Le conseil municipal de Saint-Sauveur-Villages du 9 avril 2026 a été marqué par une série de décisions d’installation du nouveau mandat. Les élus ont pris acte de la démission d’Edwige Clérot et de l’arrivée de Bertrand Fautrat, tandis qu’un recours préfectoral sur le calcul d’attribution des sièges doit être examiné par le tribunal administratif de Caen le 28 avril.
Mettre en place la nouvelle organisation municipale
La séance a largement porté sur le fonctionnement de l’assemblée.

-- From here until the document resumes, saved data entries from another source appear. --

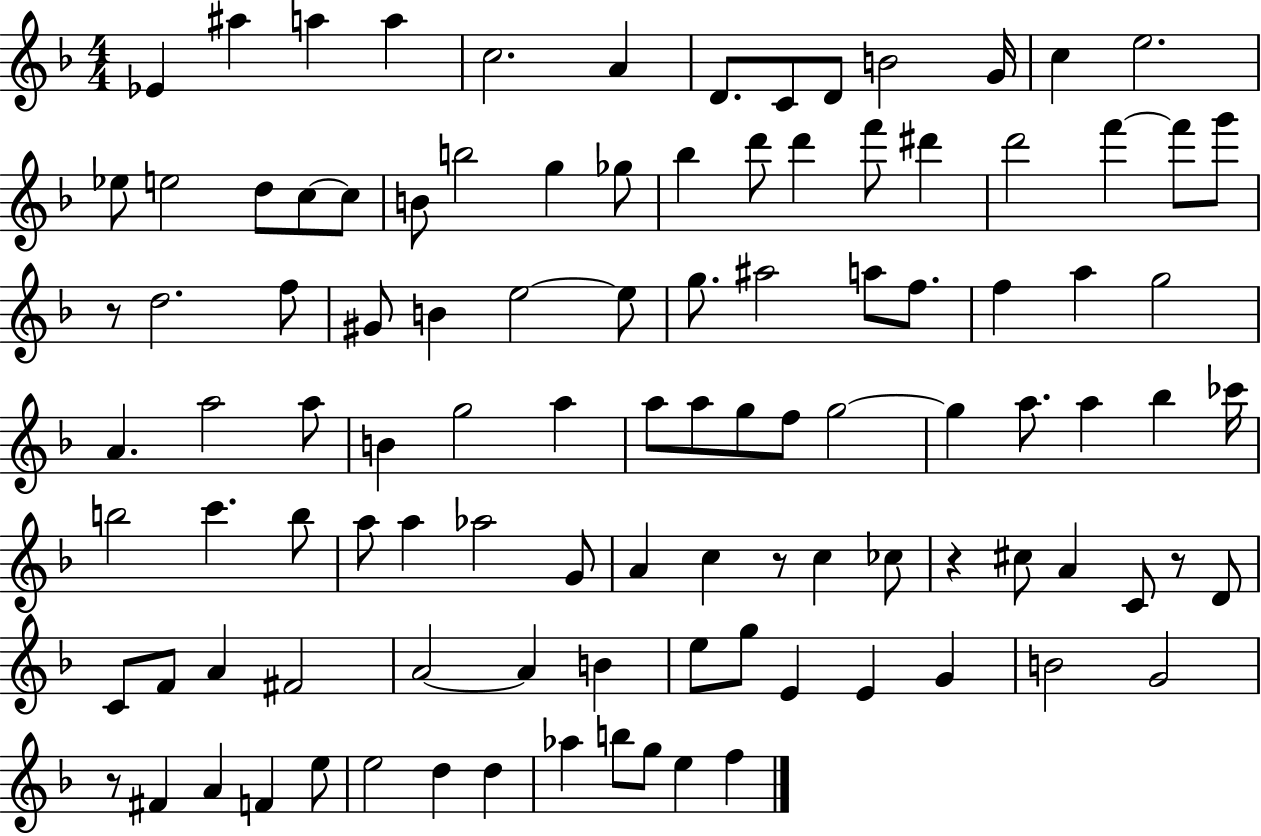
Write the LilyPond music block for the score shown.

{
  \clef treble
  \numericTimeSignature
  \time 4/4
  \key f \major
  \repeat volta 2 { ees'4 ais''4 a''4 a''4 | c''2. a'4 | d'8. c'8 d'8 b'2 g'16 | c''4 e''2. | \break ees''8 e''2 d''8 c''8~~ c''8 | b'8 b''2 g''4 ges''8 | bes''4 d'''8 d'''4 f'''8 dis'''4 | d'''2 f'''4~~ f'''8 g'''8 | \break r8 d''2. f''8 | gis'8 b'4 e''2~~ e''8 | g''8. ais''2 a''8 f''8. | f''4 a''4 g''2 | \break a'4. a''2 a''8 | b'4 g''2 a''4 | a''8 a''8 g''8 f''8 g''2~~ | g''4 a''8. a''4 bes''4 ces'''16 | \break b''2 c'''4. b''8 | a''8 a''4 aes''2 g'8 | a'4 c''4 r8 c''4 ces''8 | r4 cis''8 a'4 c'8 r8 d'8 | \break c'8 f'8 a'4 fis'2 | a'2~~ a'4 b'4 | e''8 g''8 e'4 e'4 g'4 | b'2 g'2 | \break r8 fis'4 a'4 f'4 e''8 | e''2 d''4 d''4 | aes''4 b''8 g''8 e''4 f''4 | } \bar "|."
}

Le tableau des indemnités des élus a été adopté à l’unanimité, après un échange sur l’objectif de baisse de l’enveloppe et sur la reconnaissance du temps consacré aux responsabilités municipales. Les délégations au maire ont également été encadrées, avec des plafonds précis pour certains marchés, avenants, dommages liés aux véhicules municipaux ou besoins de trésorerie.
Les élus ont aussi posé les bases du travail collectif : commissions permanentes, groupes de projet, budget annuel de formation des élus et renouvellement du centre communal d’action sociale. Le CCAS comptera 16 administrateurs, répartis entre 8 élus et 8 personnes nommées issues de la société civile, en plus du maire président de droit.
Encadrer les finances et préparer les investissements
Sur le plan budgétaire, le conseil a adopté un règlement financier applicable pour la durée du mandat. Ce document fixe les règles de préparation, d’exécution et de suivi du budget communal, dans le cadre de la nomenclature M57 appliquée depuis le 1er janvier 2024. Il doit notamment aider à suivre les dépenses, les recettes, la trésorerie et les investissements pluriannuels.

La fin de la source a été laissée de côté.